> **Problem description**: Please transcribe the entries that follow exactly as they stand, skipping each picture.

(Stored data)
[Start of Attachment]

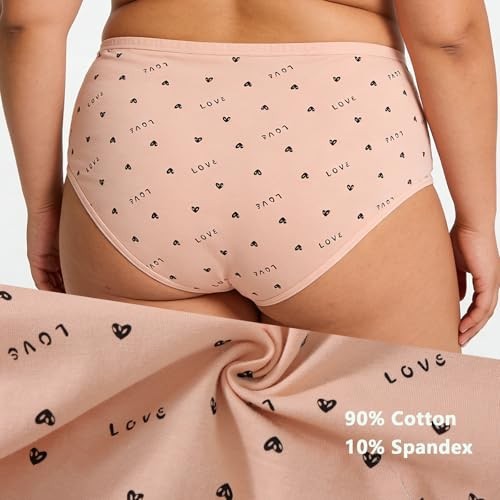 Womens Underwear Cotton Plus Size Briefs XL-5XL X-Large 6 Pack Multicolor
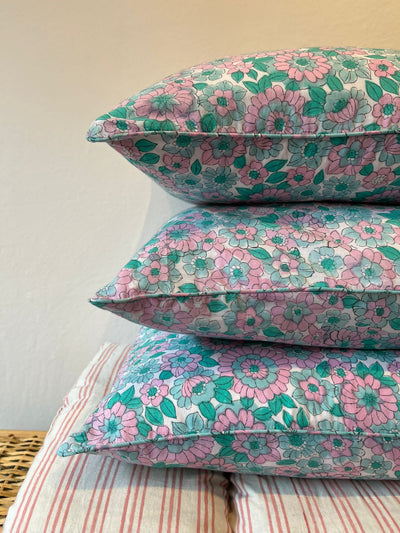 Vintage Floral Piped Cushion Cover in Aquamarine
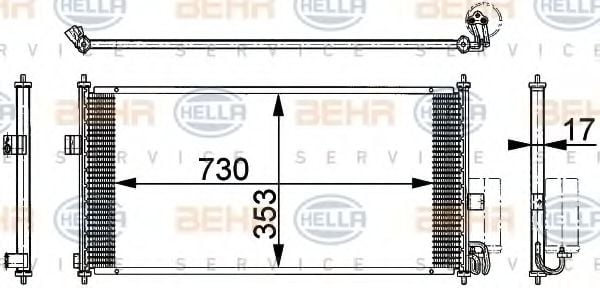 8FC 351 317-751 BEHR+HELLA+SERVICE Condenser, air conditioning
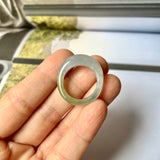 17.2mm A-Grade Natural Light Bluish Floral Yellow Jadeite Cloop Ring Band No.162364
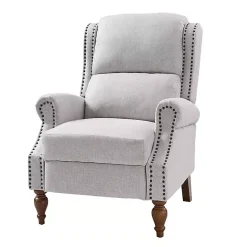 Clearance Kirklands Home Rosalie Oatmeal Upholstered Manual Recliner White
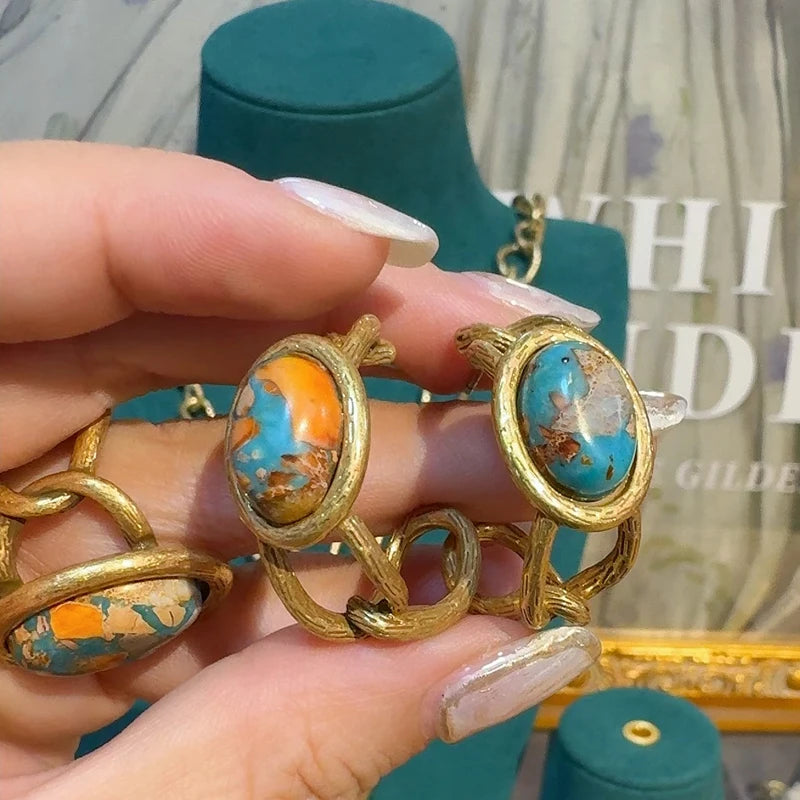 Boho Rococo Nautical Map Jewelry Set – Oval Stone Pendant, Earrings & Ring in Antique Copper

[End of Attachment]

> **Reply**:
 Womens Underwear Cotton Plus Size Briefs XL-5XL X-Large 6 Pack Multicolor
 Vintage Floral Piped Cushion Cover in Aquamarine
 8FC 351 317-751 BEHR+HELLA+SERVICE Condenser, air conditioning
 17.2mm A-Grade Natural Light Bluish Floral Yellow Jadeite Cloop Ring Band No.162364
 Clearance Kirklands Home Rosalie Oatmeal Upholstered Manual Recliner White
 Boho Rococo Nautical Map Jewelry Set – Oval Stone Pendant, Earrings & Ring in Antique Copper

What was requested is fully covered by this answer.